Prominent rocky point on Mont Blanc

The Rocher de la Tournette (or, simply, 'La Tournette') is a prominent rocky point on the icy summit ridge of Mont Blanc between the Petite Bosse and the summit. The highest point lies at 4,677 m above sea level, and can be most easily reached on an ascent of Mont Blanc via the Goûter Route.

Whilst not sufficiently isolated from other summits to be regarded by the UIAA as one of the 82 primary 4000 metre summits of the Alps, the organisation does nevertheless include Rocher de la Tournette on its 'Enlarged list of lesser summits'. This list defines a further 46 such points of secondary mountaineering or morphological interest, of which the Rocher de la Tournette is the highest.

The shoulder of this rocky subsidiary summit offers a remote mountaineering route from the Quintino Sella Hut. Known as the Tournette Spur (fr: l’éperon de la Tournette), it enables the final 'Bosses Ridge' section of the Goûter Route to be reached from the Italian side of Mont Blanc. This infrequently climbed route is nowadays graded AD on the adjectival climbing scale and was first climbed on 2 July 1872 by T Kennedy, J Carrel and J Fischer. The first winter ascent of the Tournette Spur was made by the three Sella brothers and their guides, including Emile Rey on 5 January 1888.

==Air crash site==
The Lockheed Constellation Malabar Princess (Air India Flight 245) crashed near the Rocher de la Tournette on November 3, 1950, killing all 48 passengers and crew members, a tragedy which inspired the 1952 novel La Neige en deuil (The Snow in mourning) by Henri Troyat, (adapted to the cinema in 1956), as well as the movie Malabar Princess in 2004.

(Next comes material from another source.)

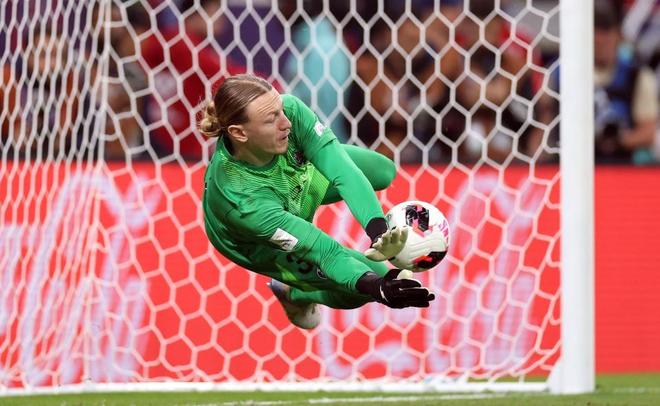 洲际杯连扑4点！26岁巴黎替补门将1战封神 夺冠后被队友高举致敬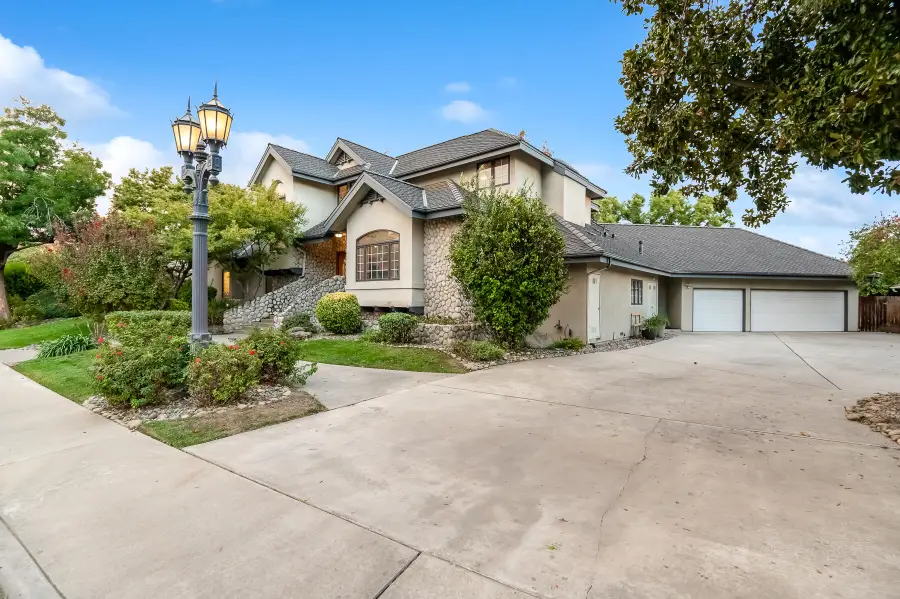 3735 W Woodside Avenue, Visalia, CA 93291 - Image #3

A second accident occurred on 24 January 1966, involving Air India Flight 101, a Boeing 707 which struck the outcrop in the same sector, resulting in the deaths of all 117 passengers and crew members. In 2013, this crash inspired a novel by Marc Levy, Un sentiment plus fort que la peur (A feeling stronger than fear, English translation 2013, also under the title Stronger than Fear).